Because the long version is here, this will the short version. Lorne Gunter writes in this morning's Post re the melting Arctic and the "opening" of the Northwest Passage:
As Mr. [Noel] Sheppard points out, the great Norwegian polar explorer Roald Amundsen navigated the Northwest Passage in 1905 in a wooden sailboat with a crew of just seven. The passage was sufficiently ice-free that year for the little craft to make it through with little ice-breaking capacity.
And in 1944, the tiny RCMP patrol vessel the St. Roch (which can still be seen at the Vancouver Maritime Museum) sailed from Halifax to Vancouver through the passage in a single season --a first --because it met little ice.
This is almost a word for word re-hack of a Noel Sheppard Blog Post from NuzeBuzzsters, so in honor of the sloppy journalism it represents, let me just note that:
1) Amundsen's ship, The Gjøa, was a shallow draft sail-boat. During the voyage, it travelled through water less than a foot deep. No other vessel could have followed its course and made that passage.
And, oh yes, it spent months stuck in the ice.
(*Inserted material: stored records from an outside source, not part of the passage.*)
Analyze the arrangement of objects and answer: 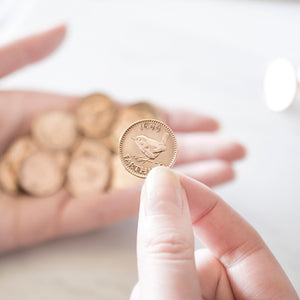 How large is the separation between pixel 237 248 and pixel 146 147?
1.00 feet

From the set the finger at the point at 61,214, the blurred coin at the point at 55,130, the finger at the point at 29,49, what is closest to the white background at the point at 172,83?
the finger at the point at 61,214

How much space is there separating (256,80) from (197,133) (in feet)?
1.62

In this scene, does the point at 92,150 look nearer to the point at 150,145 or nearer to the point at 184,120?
the point at 184,120

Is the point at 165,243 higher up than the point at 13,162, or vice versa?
the point at 13,162

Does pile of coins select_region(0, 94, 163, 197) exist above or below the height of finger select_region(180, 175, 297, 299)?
above

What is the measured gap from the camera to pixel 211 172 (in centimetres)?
129

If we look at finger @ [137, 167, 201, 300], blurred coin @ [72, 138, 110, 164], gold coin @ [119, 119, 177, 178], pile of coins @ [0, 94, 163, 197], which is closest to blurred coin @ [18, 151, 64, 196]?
pile of coins @ [0, 94, 163, 197]

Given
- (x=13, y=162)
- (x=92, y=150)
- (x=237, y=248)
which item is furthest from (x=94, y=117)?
(x=237, y=248)

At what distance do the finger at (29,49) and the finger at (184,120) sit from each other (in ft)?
1.65

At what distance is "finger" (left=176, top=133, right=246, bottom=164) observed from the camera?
1.38 m

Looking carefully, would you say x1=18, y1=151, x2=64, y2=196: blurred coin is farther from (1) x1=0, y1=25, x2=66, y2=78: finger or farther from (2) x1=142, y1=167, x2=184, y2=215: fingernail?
(2) x1=142, y1=167, x2=184, y2=215: fingernail

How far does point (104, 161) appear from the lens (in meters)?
1.36

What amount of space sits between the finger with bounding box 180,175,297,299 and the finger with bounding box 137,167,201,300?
99mm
2) The St. Roch's success on its second trip through the Arctic (during the first it spent a winter...wait for it... stuck in the ice) was due as much to a specially designed, "ice fortified" hull that had itself been upgraded and reinforced for the journey, than it was to "ice free" conditions in the Arctic Sea.
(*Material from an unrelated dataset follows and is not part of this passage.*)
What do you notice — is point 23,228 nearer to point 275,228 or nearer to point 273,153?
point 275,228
The situation today is very different, and when people say that the Northwest Passage is "open" they mean "Open for Business", not that your boat just might squeak through if it has a reinforced hull and you are willing to spend weeks camping on an iceberg.
2 comments:
Gunter and Coren - both need to retire - to a nursing home.
It's a shame to see Mr. Gunter take shortcuts and not confirm the story of Mr. sheppard.